Advances in artificial intelligence have enabled Korean medical researchers to develop a technology that more accurately predicts the prognosis of patients undergoing pancreatic cancer surgery.
Using AI to analyze tumor-infiltrating lymphocyte (TIL) density, the new approach offers improved accuracy in forecasting postoperative outcomes for pancreatic cancer patients.
Samsung Medical Center said Monday that a team, led by Professor Park Joo-Kyung of the Department of Gastroenterology at Pancreaticobiliary Cancer Center, Professor Han In-woong of the Department of Hepatobiliary Surgery, and Professor Jang Kee-taek of the Department of Pathology, conducted a study showing that AI-based spatial TIL density analysis is closely related to the survival rate of pancreatic cancer patients.
The study, published in the world-renowned journal JAMA Surgery, was accompanied by a special commentary from JAMA Surgery titled “The Future of Oncology is Now.” The research is analyzed as the best explanation for why people with the same cancer respond differently to treatment.
TILs are considered a prognostic marker for prognosis after cancer treatment based on characteristics that reflect the immune response to the tumor. However, it is time-consuming for medical professionals to manually measure TIL density, and inter-observer variability has limited its use in actual medical practice.
The research team addressed this problem by utilizing Lunit SCOPE IO, an AI-based immunophenotyping platform, to quantify TIL density in the tumor microenvironment, compartmentalize tumor tissue and surrounding stroma, and classify immune phenotypes.
In a retrospective cohort analysis of 304 patients undergoing pancreatic cancer surgery, the researchers found that assessing tumor-infiltrating lymphocyte density and distribution in the surgical tissues of pancreatic cancer patients can more accurately predict cancer recurrence and survival outcomes.

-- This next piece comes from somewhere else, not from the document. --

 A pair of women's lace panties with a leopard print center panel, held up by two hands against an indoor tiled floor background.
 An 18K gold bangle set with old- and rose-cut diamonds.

“AI-based tumor-infiltrating lymphocyte analysis is attracting attention as a technology that can be practically applied in clinical practice due to its high reproducibility and scalability,” the researchers said. “Immune microenvironment analysis can complement existing pathological staging systems and serve as a promising biomarker to accurately predict patient prognosis.”
When patients were stratified by immunophenotype using tumor microenvironment analysis, the study found that the median survival time was 35.11 months for patients with an “immune-inflamed phenotype,” which is characterized by an abundance of tumor-infiltrating lymphocytes.
This was nearly three times longer than the median survival of 11.6 months for patients with the immune-desert phenotype. The median progression-free survival for pancreatic cancer was also twice as long for the immune-active phenotype, at 14.63 months, compared to 6.57 months for the immune-desert phenotype.
“Higher tumor-infiltrating lymphocyte density was associated with significantly better survival outcomes,” the researchers explained.
In this paper, the researchers report that in some cases, survival was reversed based on immunophenotype. While stage 1 pancreatic cancer is generally considered to have a better prognosis than stage 2, among stage 2 pancreatic cancer patients, immune-active patients had a better prognosis than non-immune-active patients with stage 1 pancreatic cancer.
“The era has begun where artificial intelligence can provide important information to guide the direction of cancer treatment,” Professor Park said. “This study shows that AI-based immunophenotyping will play a key role in precise prognosis prediction and personalized treatment strategies for pancreatic cancer patients in the future.”